Yer savunmaya uygundu. Bir tarafta ormanlık bölge, diğer tarafta
ise bir uçurum vardı. Hafif piyadelerle birlikte ilerleyen dağ
bataryalarının komutanı, Wubıhların yoğun olarak toplandıkları
noktaya iki hovitzerle ateş açtırdı. Bir gülle, yaşlı ağacın içi
boş gövdesinden geçti; etrafa ağaç parçaları dağıldı, ama eski
haça bir şey olmadı. Wubıhların zafer narası her tarafta neşeli
bir şekilde yankılanarak gökyüzüne yayıldı. Svan süvarileri aynı
noktaya saldırmak istediler. Fakat arazi böyle bir harekete uygun
değildi. En öndeki süvarinin atı yere düştü ve diğer ikisini de
beraberinde götürdü. Atlar ve atlılar birlikte uçuruma
yuvarlandılar. Abhaz ve İmer süvarileri bile, inanılmaz bir azimle
savunulan bu mevziden geri çekildiler. En sonunda, bir avcı
bölüğüne komuta eden Rus subayı, arkasında süngülerini ileride
tutarak koşan askerleri olduğu halde hızla bu noktaya doğru
atıldı. Askerler bir yaylım ateşiyle karşılaştılar ve subay
yaralanarak yere düştü. Askerler durdular, silahlarını tekrar
doldurdular ve düşmanın ateşine başka bir yaylım ateşiyle karşılık
verdiler. Mücadele bundan sonra korkunç bir şekilde kayadan
kayaya, çalılıktan çalılığa devam etti. Tüfek sesleri, her iki
tarafta da aralıksız olarak devam ederken, sonuç daha çok soğuk
çeliklerle alınmaya başladı. Rus askerleri takviye kuvvetleri
aldılar ve düzenli bir şekilde ilerlemeye devam ettiler.
Fakat Aliyiko metanetle yaşlı meşe ağacının önünde yerini
savunmaya devam etti. Sol eliyle ağacın gövdesine tutunan Aliyiko,
sağ eliyle de şaşkasını sallıyor; gösterdiği bu cesaret ve
sözleriyle savaşçılarını şevke getiriyordu. Bir Rus mermisi, genç
kahramanın kalbini deldi. Ölüm anında bile, arkasındaki ağaca
yaslanarak ayakta kalan ve cesediyle ağacı koruyan Aliyiko'nun
ılık kanı yanındakilerin üzerine sıçradı.
Wubıhların ağıt sesleri yükselerek devam eden savaş fırtınasının
üzerine çıktı ve yürüyüşün verdiği yorgunlukla bir kayanın üzerine
oturarak dinlenmeye çalışan büyükbabanın kulaklarına erişti.
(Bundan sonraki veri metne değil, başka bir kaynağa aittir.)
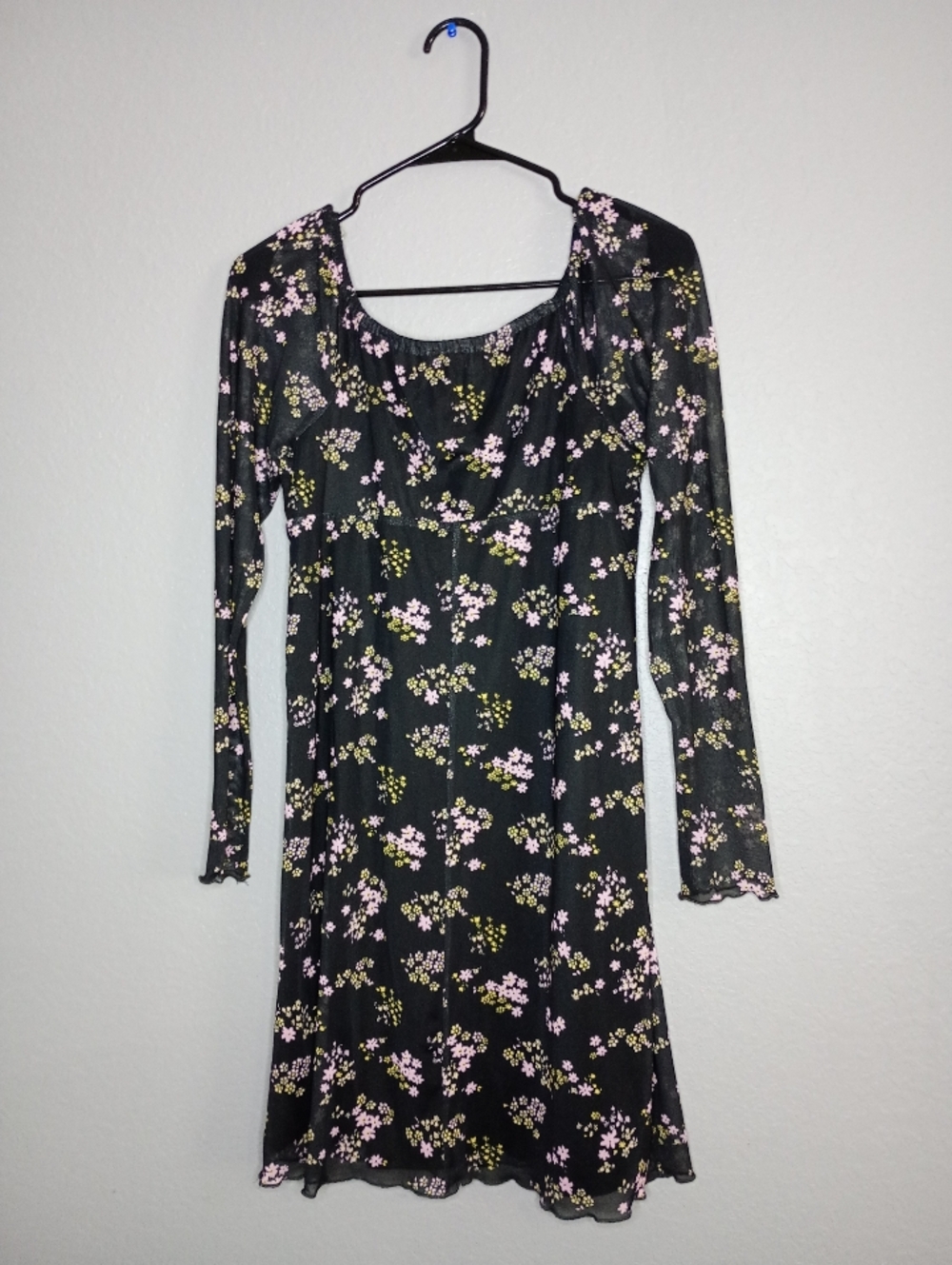 art class Black Long-Sleeve Floral Scoop Neck Dress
Bu
acılı haber yaşlı liderin kulaklarına eriştiği zaman duyduğu büyük
keder, yılların getirdiği takatsizliğini yendi. Gücünün son
kırıntılarını toplayan Hacı Degumuko, adamlarıyla birlikte
torununun ölüsünü almak için Ruslarla çarpışan savaşçılarının
yardımına koştu. Yaşlı adam çarpışmanın ortasına yaşlı bir aslan
gibi daldı. Büyük kahramanın bu hareketi bütün Wubıhları
kamçıladı. Teke tek, göğüs göğüse Ruslara Wubıhlar, o yaşlı ağacın
önünde ölümüne bir savaşa tutuştular. Süngüler, kahraman
Çerkeslerin göğüslerini yırtarken, keskin ve ağır şaşkalar da
Moskofların kalın kafalarını parçalıyordu. Sonunda, çok pahalı bir
bedel karşılığında zafer Wubıhların oldu ve genç liderin ölüsü
kurtarıldı.
Aliyiko henüz on sekiz yaşındaydı. Zarif ama kahramanca bir
görünüşü vardı. Geride on dört yaşında bir gelin bıraktı. Bir
Çerkes prensi olan kızın babası da bütün adamlarıyla birlikte
Wubıhların yardımına gelmişti. Yanındaki kadın akrabalarıyla
birlikte yakınlardaki bir köyde babasını bekleyen genç kız, onunla
birlikte Aliyiko’nun da dönmesini ümit ederken o korkunç ölüm
haberini aldı.
Bir hafta sonra Soça'dan Ardler'e dönmekte olan Rus donanması yine
bu kıyılar boyunca yelken açmıştı. Dağların bu taraftaki
eteklerinde, sekiz gün önce o kanlı mücadelenin cereyan ettiği
noktada çok sayıda yerlinin toplandığı görüldü. Bu savaşa katılmış
olan bütün Çerkes, Ciget ve Wubıh liderleri, prensin yeğenine olan
saygılarını sunmak üzere bir araya gelmişlerdi. Yaşlı büyükbaba
kalabalığın ortasındaydı. Rus donanmasının gözü önünde, kanlı bir
intikam almak için yaptıkları yemini tekrarladılar. Rahmetlinin
büyükannesinin ve gelinin ağıtları ve gözyaşları, açık mezarının
yanıbaşında söylenen ve onun kahramanlıklarını anlatan şairlerin
şarkıları içine karışarak kayboldular. Genç savaşçı öldüğü zaman
da vücuduyla koruduğu o ağacın altına gömüldü.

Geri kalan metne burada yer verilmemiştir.